Which we believe looks cleaner, is more description, conveys intention and is prone to create less bugs, in our opinions.

Templates and builders


We've release T-Regx 0.11.0.

This is more of a maintenance release, most of our development time is hovering around inject #91 issue, and that's quite a heavy feature, requiring us to in fact rewrite our Prepared Patterns completely, and use our dedicated regular expressions parser. None of the parsers available on the internet matched our needs. It will probably be released as T-Regx 1.0, because it introduces too much breaking changes. (Actually it was realeased as 0.12.0)

Another time-consuming thing is website being rewritten from scratch, you can expect it in a few months.

In this release, we simplified PatternBuilder to Pattern, simplified template() and mask() methods, unified Pattern/PatternImpl/PatternInterface into one being, and we added Pcre version helper.

As of the release, as always, everything is described in on github.

Implicit all() in replace()


We've release T-Regx 0.10.2.

Normally, when doing replacements, you always had to specify explicitly the number of them, so:

  • replace()->all()->with()
  • replace()->first()->by()
  • replace()->only(2)->focus()

Since 0.10.2, you can skip the quantifier, and just use with()/callback()/by()/focus() or any other replace methods, like so:

  • replace()->with()
  • replace()->by()
  • replace()->focus()

And they will replace every occurrence, just like all().

Don't worry, we don't use any kind of meta-programing with magic methods or anything. We used simple polymorphism and design patterns (delegation and adapter in this case), so if you click Ctrl+B/Go to declaration in your IDE, you will see exactly what code is being run.

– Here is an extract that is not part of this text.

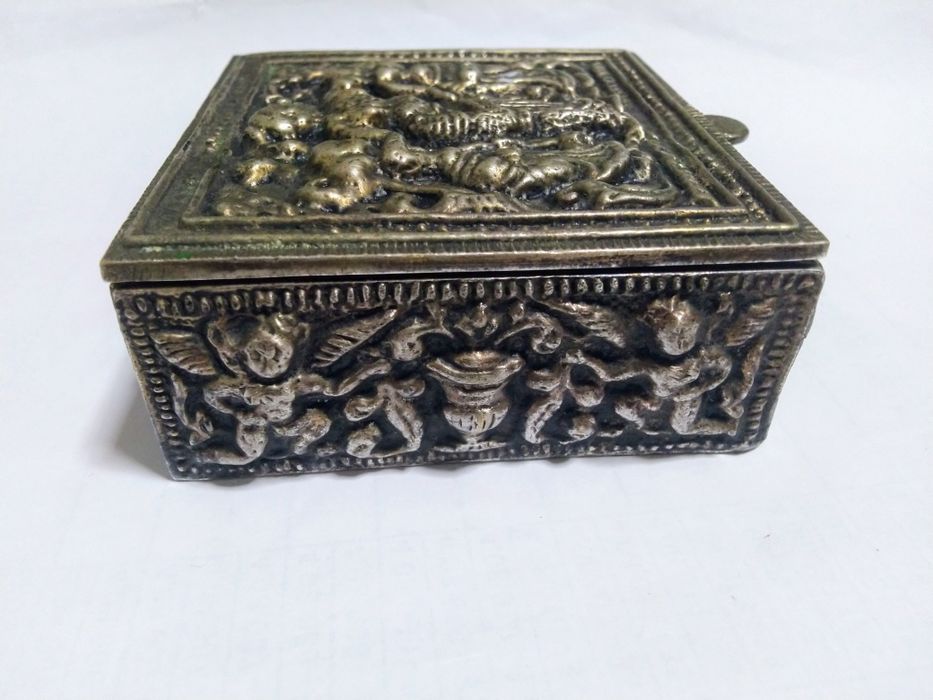 Guarda jóias em prata indiana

Additionally, we customized some exceptions messages. Now, depending on the nature of your exception, you will see one of these additional exception messages:

  • Expected to get the 3-nth element from fluent pattern, but the subject backing the feed was not matched
  • Expected to get the first match as integer, but subject was not matched
  • Expected to get the first element from fluent pattern, but the elements feed has 0 element(s)
  • and more. You can see them all on github in /CleanRegex/Internal/Exception/Messages

As always, everything is described in on github.

Valentine's release


We've release T-Regx 0.10.1.

This time, we've updated match filtering. Previously, methods filter() used on regular match pattern, it would filter only Detail, and have exactly alike interface as the said match pattern (like a filtering decorator), yet fluent()->filter() simply removed entries from the fluent stream. We don't like that difference.

So we renamed match()->filter() to match()->remaining(), since that looks more like a decorator it is, and we added new match()->filter() method which works like all(), but it only returns the items matching the predicate (like array_filter).

Apart from that, we fixed a bug that was lurking in fluent()->flatMap() (don't worry, it's gone now :), as well as improving the fluent()->first(). Now, when filtering a fluent stream, calling first() first calls preg_match(), and if it matches the predicate, that Detail is simply returned. If the first Detail isn't matched by the predicate, then it calls preg_match_all() and returns the first detail from that, that matches the predicate.

As always, everything is described in on github.

T-Regx on PHP8


We've release T-Regx 0.10.0.

In that change, there's only added support for PHP8, which is handling of PHP8 change in methods contracts, and removal of previously deprecated Match, since match is now a keyword in PHP.

As always, everything is described in on github.

Formats and expectations!


We've release T-Regx 0.9.14.

We changed T-Regx quite a bit with all the breaking changes, we'll try to minimise it in the future. All the changes are listed in

In this release we added two major new features: formats and replace expectations.

Formats, using Pattern::format() allow you to build a real regular expressions using an arbitrary "mask" or "format string".

Replacement expectations add methods to control how many replacements were performed, you can now count the amount of replacements performed with counting(), and methods exactly(), atLeast(), and atMost() are a simplification of counting(), which simply validate whether the replacements performed match the expectations.